チュニジア議会選挙2019速報!イスラム政党アンナハダが第1党維持も、民主化の行方に漂う暗雲と民意の審判

北アフリカの民主化の旗手として注目を集めるチュニジアで、2019年10月6日に運命の議会選挙が執り行われました。全217議席を争うこの重要な一戦において、AFP通信が報じた現地の出口調査の結果によれば、現政権を担うイスラム政党「アンナハダ」が40議席を確保し、辛うじて第1党の座を守り抜く見通しとなっています。

しかし、この勝利を手放しで喜ぶことはできないでしょう。改選前と比較すると30議席近くを失うという厳しい結果が予想されており、政権に対する国民の厳しい視線が浮き彫りになりました。SNS上では「現状に変化が見られないことへの苛立ち」や「どの政党も決め手に欠ける」といった、停滞する政治への複雑な感情が渦巻いています。

今回の選挙は、2011年に中東・北アフリカを席巻した民主化運動「アラブの春」によってベンアリ独裁政権が崩壊して以降、2014年の新憲法制定を経て2回目となる記念すべき投票です。比例代表制(得票率に応じて議席を割り当てる制度)が採用されたことで、政党や独立系を問わず1万5千人を超える志願者が乱立する、まさに混戦の様相を呈していました。

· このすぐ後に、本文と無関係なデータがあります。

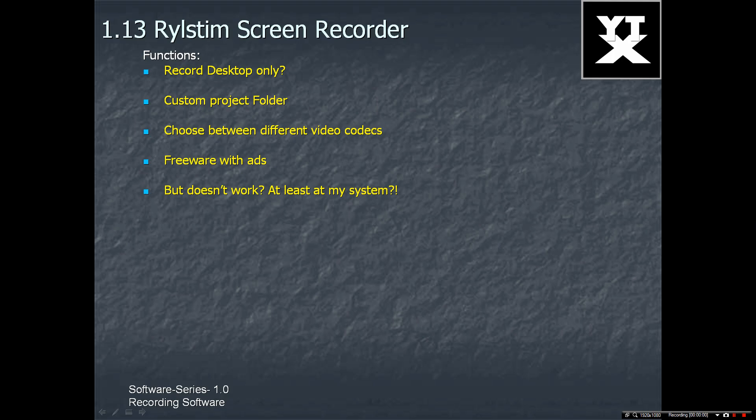Hey guys, this is Tom from YTXTutorials. Today I'm introducing you RealStim Screen Recorder.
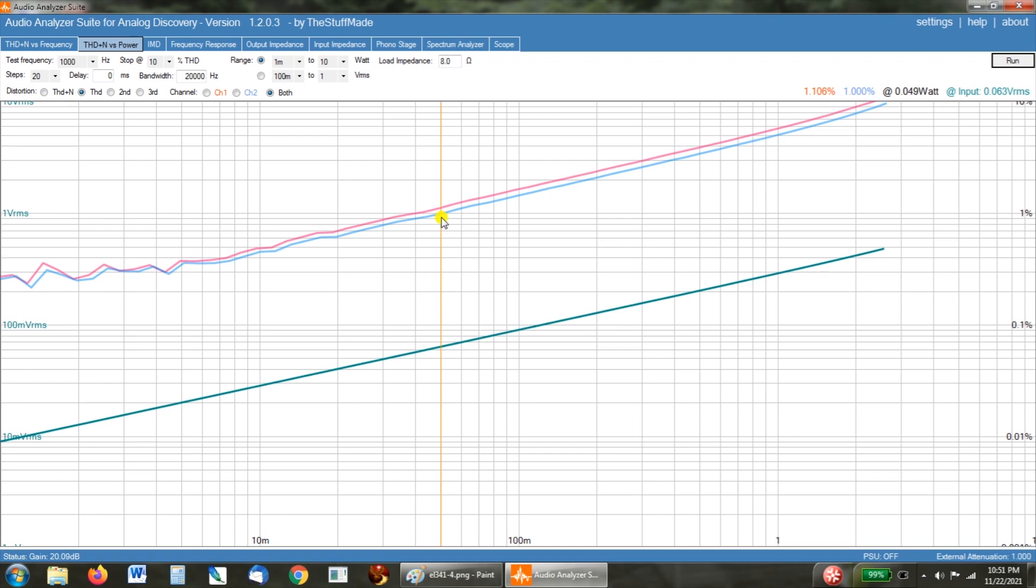So all we're going to do today is change the output tubes. And we're going from the EL34 to a 6V6. And the EL34 handles 25 watts of plate dissipation.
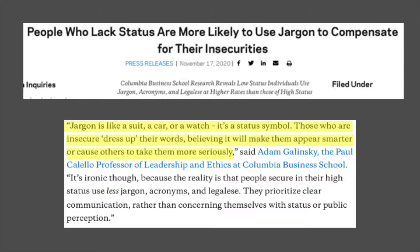However, they found that people who are secure in their high status actually use less jargon, fewer acronyms, and less legalese — or in our case, scientific-ese. These high-status people prioritize clear communication rather than concerning themselves with status or public perception.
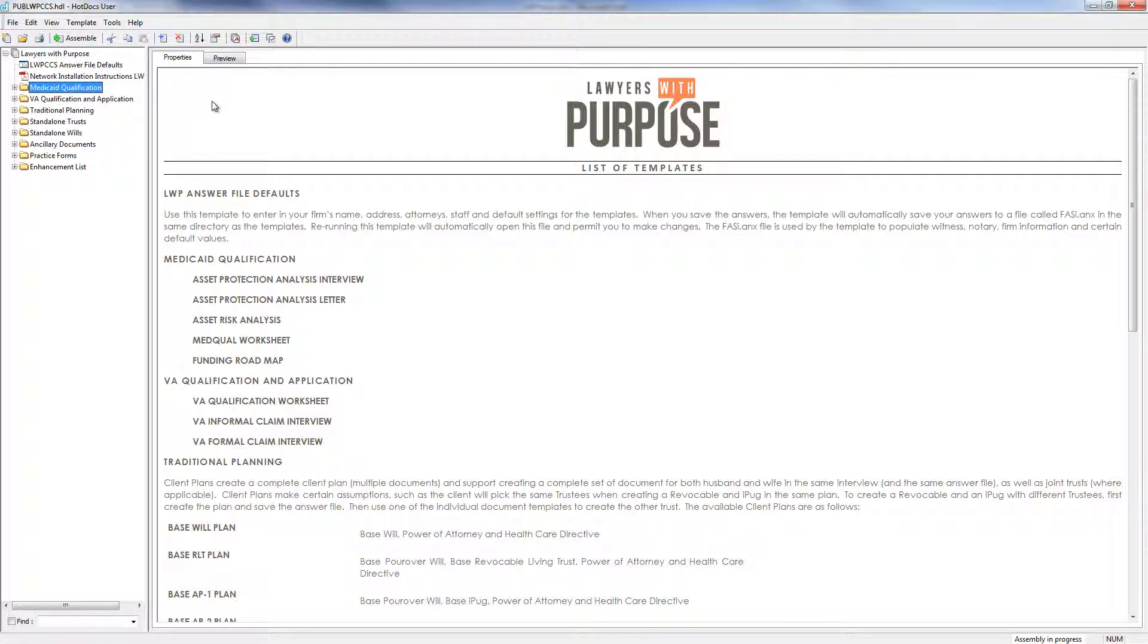First is the Medicaid Qualification Worksheet. If you're practicing elder law or think you might want to, you can use this to help a client understand where they are currently in regards to qualifying for Medicaid, how best to get qualified if they're not already, and how soon they can get qualified.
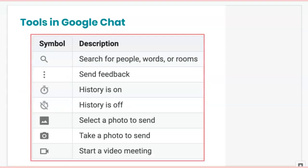The tools you'll see in Google Chat allow you to search for people and rooms, send feedback, and turn the history on or off for a particular conversation. Unless the conversation history is turned off, a history for that conversation will always be kept.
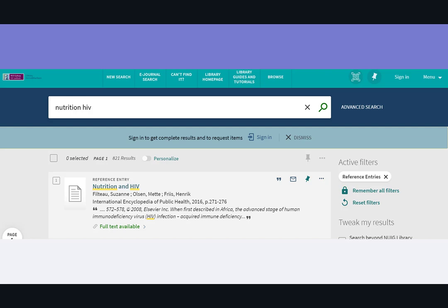What we have here is a reference entry from an encyclopedia — that's a kind of book on nutrition and HIV. It's fairly recent, published in 2016. Remember to use the filters on the right to narrow down to specific formats like books or reference entries.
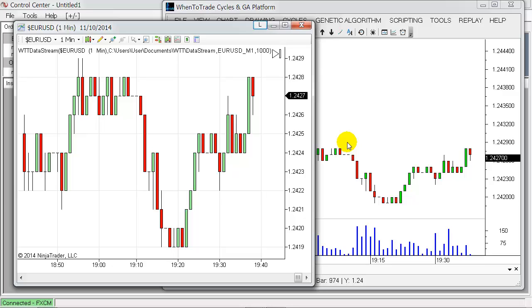So no need to add separate data feeds to your WhenToTrade platform. You can just hook onto your Ninja Trader tools, data feeds and sources—stocks and futures, forex, whatever you have in Ninja Trader—and just push it over to your WhenToTrade charting here.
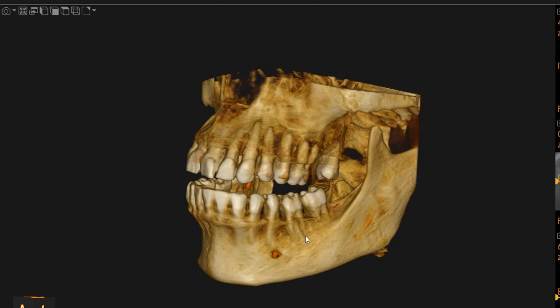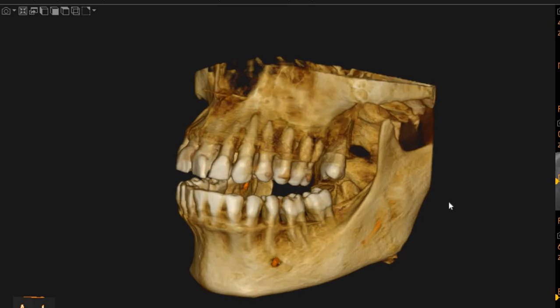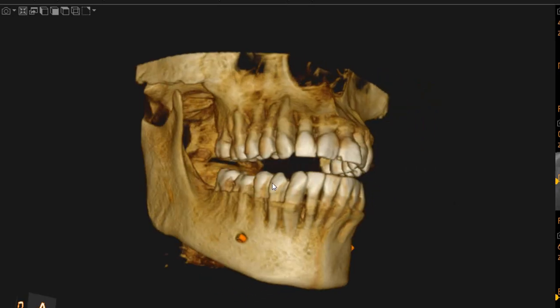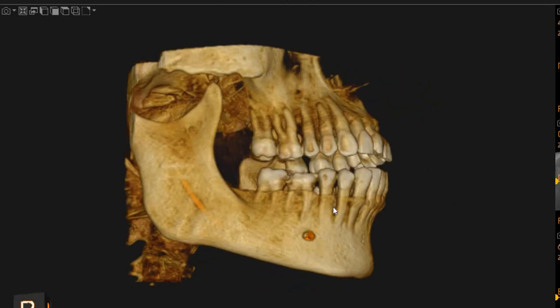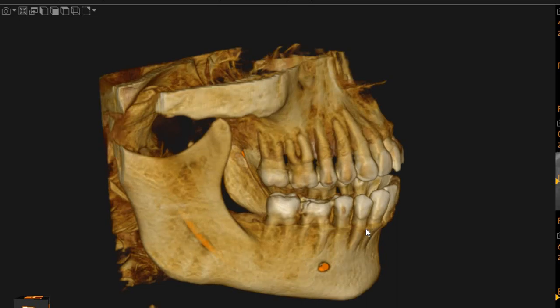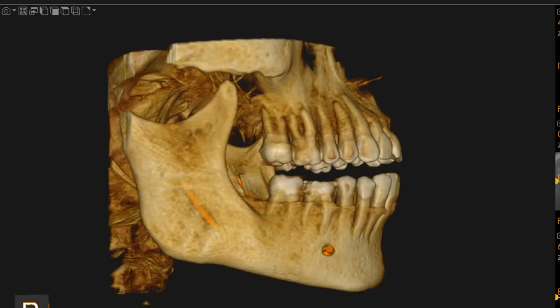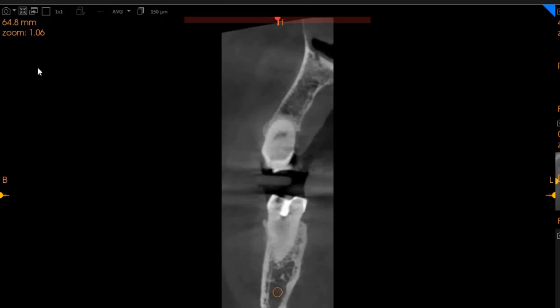Hello and Asalaamu Alaykum. I'm Truscan Diagnostics. This is the CBCT organization that you had requested. The area of interest is the lower right 6. This is the transaxial view.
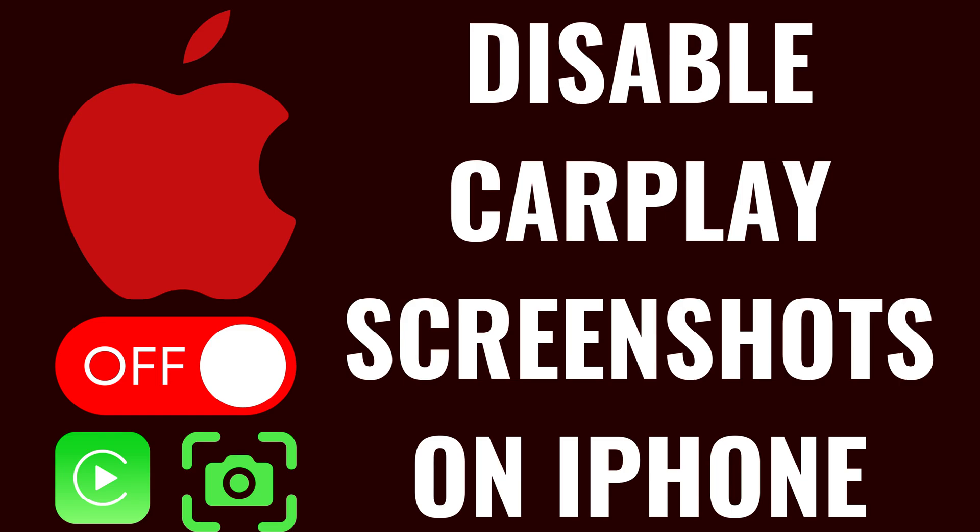I'm Max Dalton, and in this video I'll show you how to disable and stop taking CarPlay screenshots on your iPhone. To be clear, this option will only be available if you're using iOS 26 or newer on your Apple device.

かつて民主化の成功例と称えられた同国ですが、現実は甘くありません。独裁体制を打倒した後に期待された経済成長は鈍く、若者を中心に高い失業率が解決されないまま放置されているのです。今回アンナハダが議席を大幅に減らした背景には、生活が改善されないことへの有権者の強い不信感が反映されていると分析できるでしょう。

個人的な見解を述べれば、チュニジアの民主主義はいま、大きな「試練の時」を迎えています。独裁を終わらせた情熱が、実生活を豊かにする具体的な政策に結びついていない点は極めて深刻です。単に議席を守るだけでなく、国民が抱える閉塞感をいかに打破し、経済的な再生へと舵を切れるのかが、新政権に課せられた重い十字架となるでしょう。